▶ **TASK TO COMPLETE**:
All that belongs in the answer is the lines from the one containing "JwL Luxury Pearls" to the end of the listing below, copied exactly, pictures excluded.

▶ **SOURCE MATERIAL**:

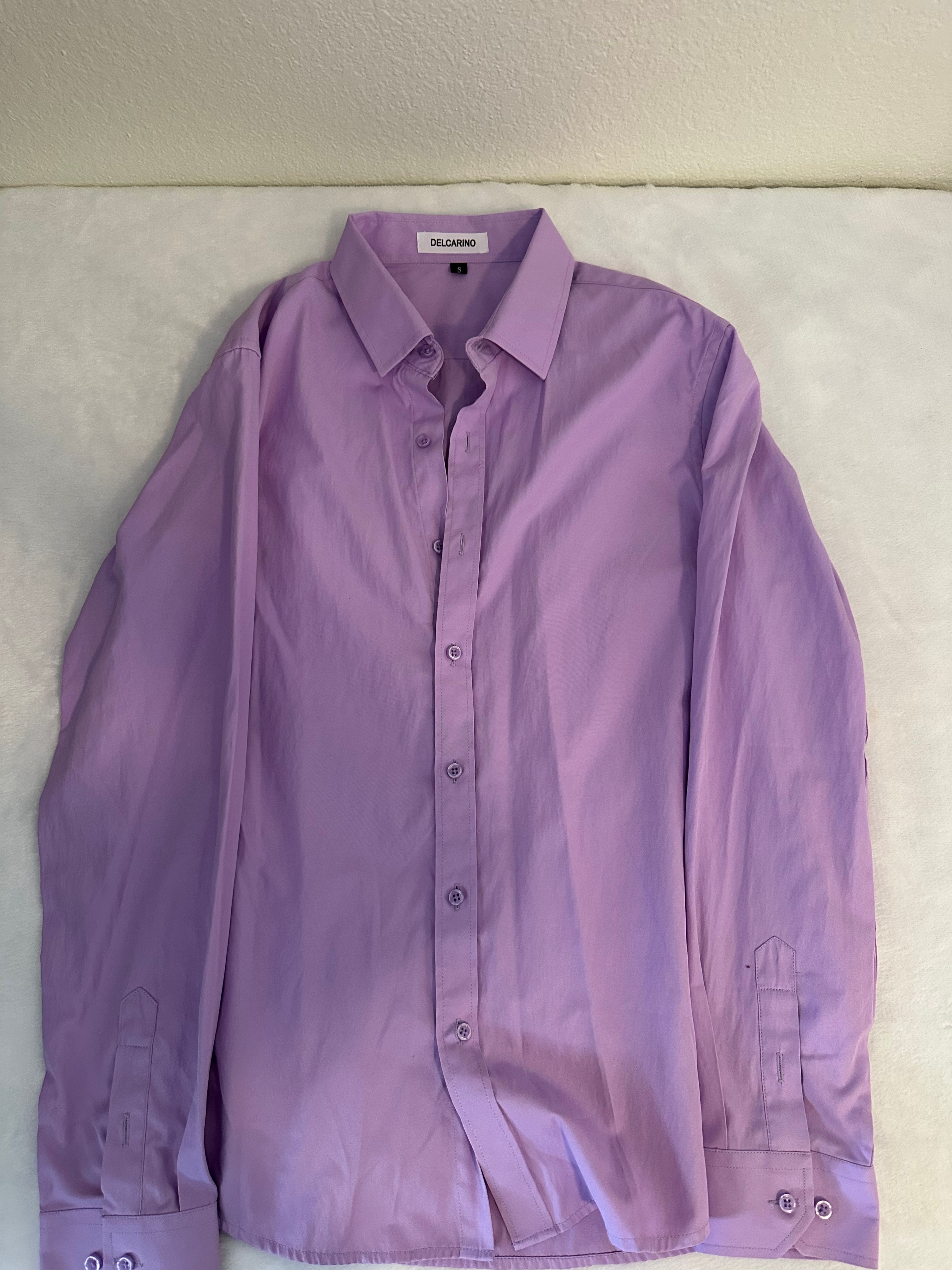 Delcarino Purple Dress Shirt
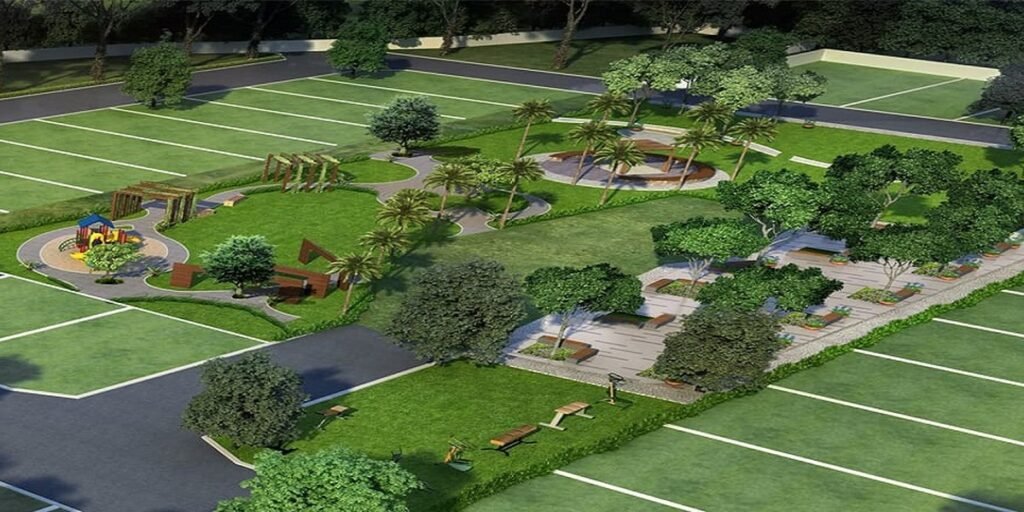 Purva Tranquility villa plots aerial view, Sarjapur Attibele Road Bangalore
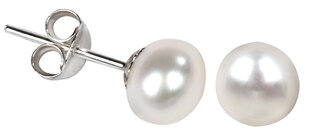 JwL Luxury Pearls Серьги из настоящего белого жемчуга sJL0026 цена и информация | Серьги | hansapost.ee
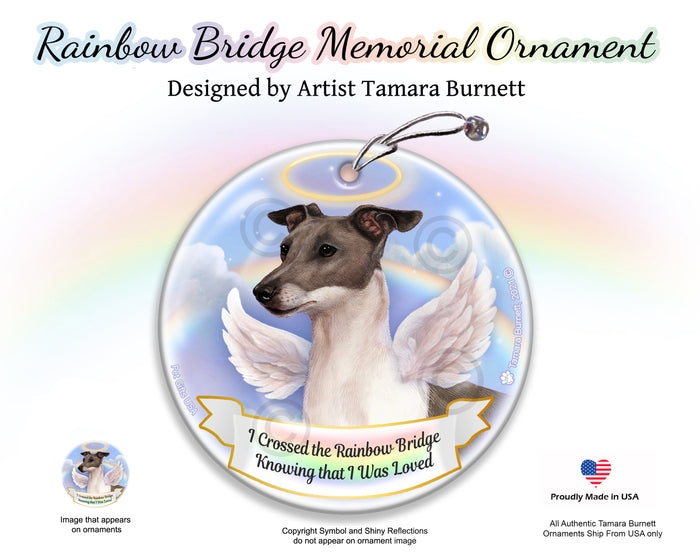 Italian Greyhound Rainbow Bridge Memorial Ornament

▶ **ANSWER TO THE PROBLEM**:
 JwL Luxury Pearls Серьги из настоящего белого жемчуга sJL0026 цена и информация | Серьги | hansapost.ee
 Italian Greyhound Rainbow Bridge Memorial Ornament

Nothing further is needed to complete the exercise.